A) The cumulative frequency distributions for BER estimates are plotted. The BER₉₅ values used the 95^th percentile from the credible interval to predict the median total US population exposure from ExpoCast, whereas the BER₅₀ values used the median exposure estimate. BER₉₅ and BER₅₀ values were calculated as the “95^th%-ile” and “50^th%-ile,” using the POD_NAM,95 and POD_NAM,50, respectively. Orange line = BER₉₅ using POD_NAM,50; black line = BER₉₅ using POD_NAM,95; blue line = BER₅₀ using POD_NAM,50; gold line = BER₅₀ using POD_NAM,95. B) Eleven chemicals had a BER₉₅, 95^th%-ile < 0, indicating overlap between the POD_NAM,95 and the 95th percentile exposure prediction. Dashed red lines indicate where BER₉₅, 95th%-ile = 0.

Figure 5:. Exposure and in vitro bioactivity that defined chemicals with log₁₀BER < 0.

In (A), a scatterplot of log₁₀ ExpoCast SEEM2 95^th percentile value versus the POD_NAM,95, with dotted red lines for the respective median values. The names of the 11 substances with log₁₀BER₉₅ < 0 are labeled. In (B) and (C), distributions of the exposure and the ToxCast AC50 data for all 448 substances are shown in the middle panels (gray histograms). Below these histograms in (B) and (C), side by side boxplots (showing the 1st quartile, median, and 3^rd quartile) of the log₁₀ ExpoCast SEEM2 95^th percentile values and the ToxCast AC50 values are illustrated for the 11 substances with log₁₀BER₉₅ < 0. In (C), gold triangles indicate the 5th percentile of the AC₅₀ distribution.

Figure 6:. Comparison of Exposure Predictions from ExpoCast and Health Canada Evaluations.

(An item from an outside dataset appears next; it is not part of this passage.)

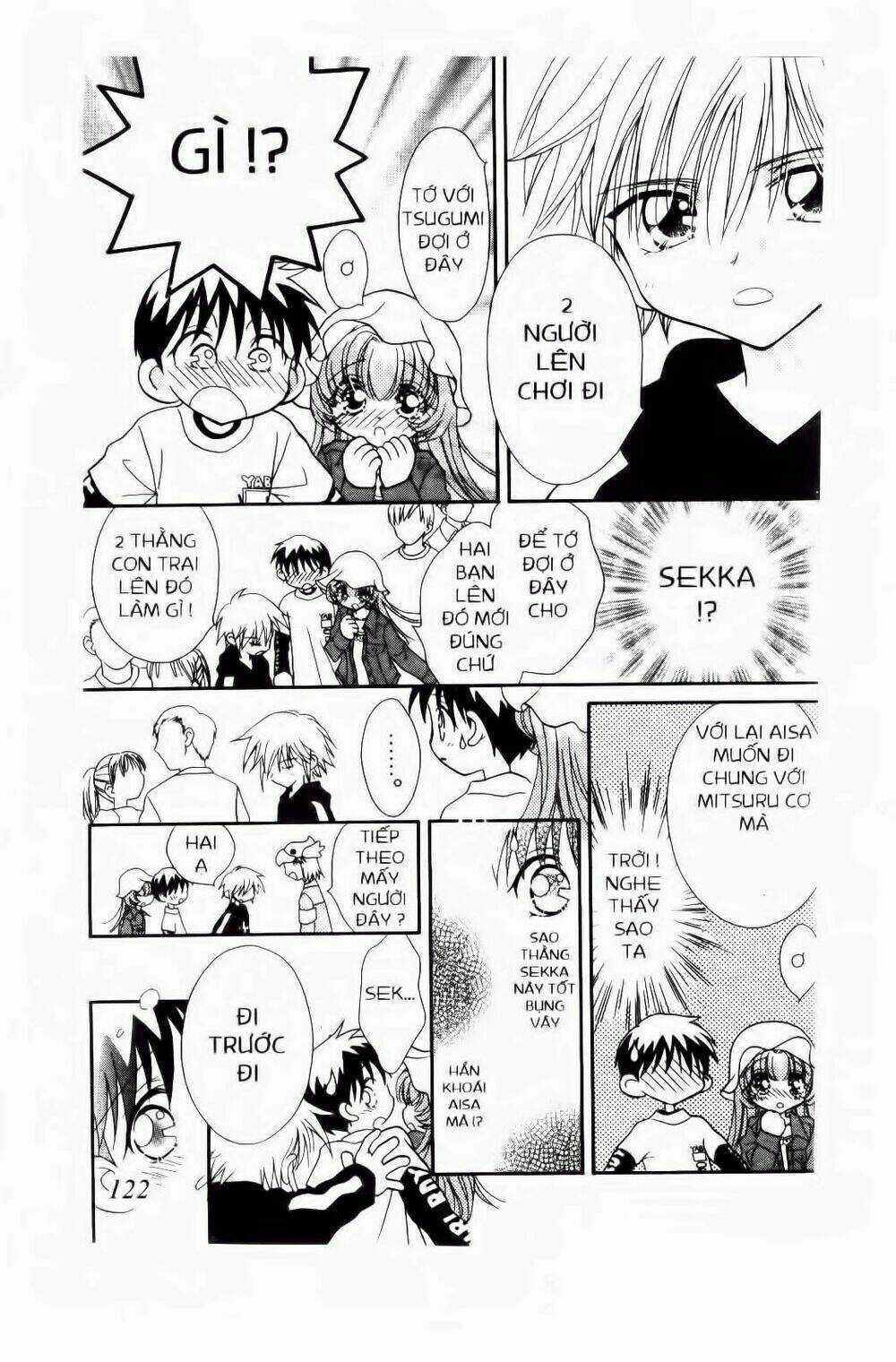 Chắp Cánh Ước Mơ Chapter 45 trang 10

The total maximum values (in log₁₀-mg/kg/day units) curated from Health Canada exposure assessments for 18 substances in this case study were compared to the ExpoCast (A) median and (B) 95^th percentile predictions (in log10-mg/kg/day units), respectively. CASRN for these substances are labeled. The gray line shows a linear relationship. All CASRN and substance identifiers, including substance name, can be found in Supplemental File 2.

Figure 7.. Further understanding of the POD ratio distribution.

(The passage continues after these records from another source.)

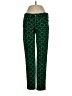 J.Crew Paisley Green Casual Pants Size 24 waist - photo 1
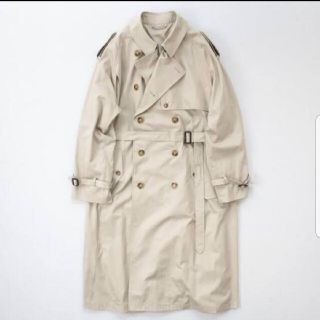 サンシー(SUNSEA)のstein 20ss Lay Oversized Trench Coat(トレンチコート)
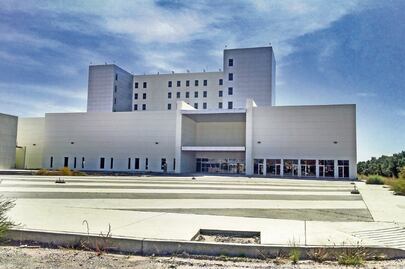 Megaobra de salud en Cd. Juárez, un ‘cascarón’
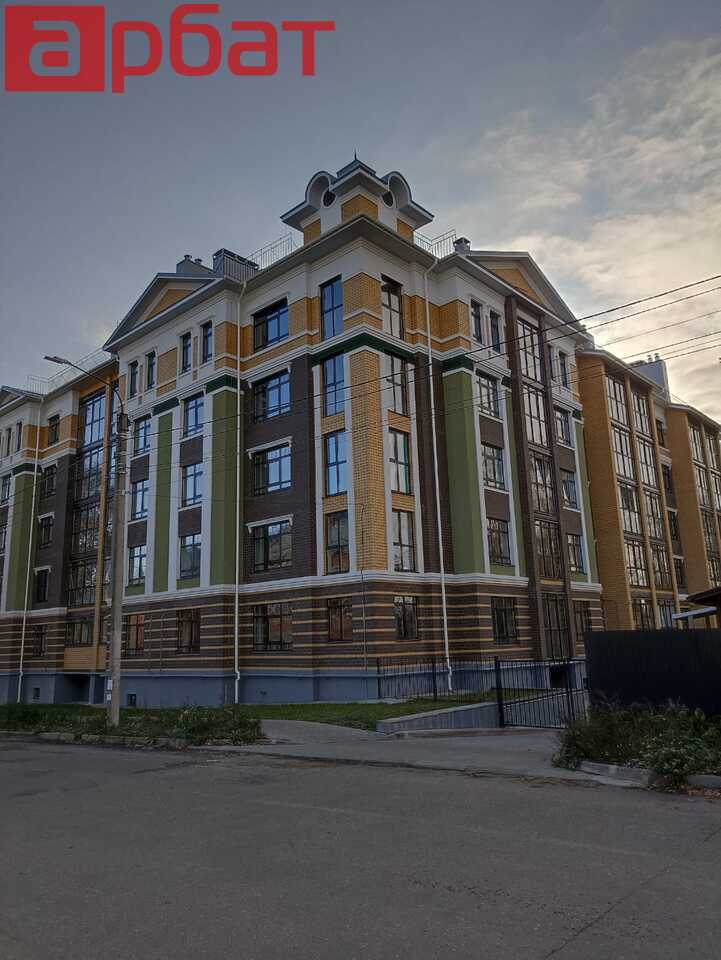 1-к кв., 42 м2, 3/5 эт. АОГВ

(A) The log₁₀POD ratio is illustrated for the POD_NAM,95 and the POD_{NAM, 50}. The solid black line indicates where the log10-POD ratio₉₅ is 0. Using the more conservative (i.e., lower) POD_NAM,95, 48 of the 448 substances (10.7%) demonstrated a log₁₀POD ratio < 0 (to the left of the dashed vertical line), whereas 92 of the 448 substances (20.5%) demonstrated a log10-POD ratio < 0 using the POD_NAM,50. The medians of the log10-POD ratio distributions are indicated by dashed lines for POD_{NAM, 95} and POD_{NAM, 50} as 2 and 1.2, respectively. (B) Maximum AED (max AED) was less than the POD_traditional (5th-%ile POD) in 60% of the cases where the log₁₀POD ratio₉₅ > 0 (using POD_{NAM, 95}). For the 48 chemicals with log₁₀POD ratio₉₅ < 0, the max AED was within the range of POD_traditional.

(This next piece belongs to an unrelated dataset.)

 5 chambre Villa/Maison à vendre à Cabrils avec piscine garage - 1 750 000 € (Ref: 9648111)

Figure 8.. Study types enriched in the log₁₀POD ratio₉₅ < 0 set.

The matrices used to evaluate study type enrichment are shown. Neither developmental/reproductive (grouped together) (p = 0.88) nor chronic (p = 0.45) study types appeared to be enriched in the log₁₀POD ratio₉₅ < 0 subset.

Figure 9.. POD_NAM,95 compared to the TTC.

The log₁₀TTC: POD_NAM,95 ratio is illustrated for the 448 case study chemicals in (A). In (B), the log₁₀ TTC value bin is compared to the log₁₀POD_NAM,95, in units of log₁₀-mg/kg/day; dots represent all points and violin plots capture the shape of the distribution.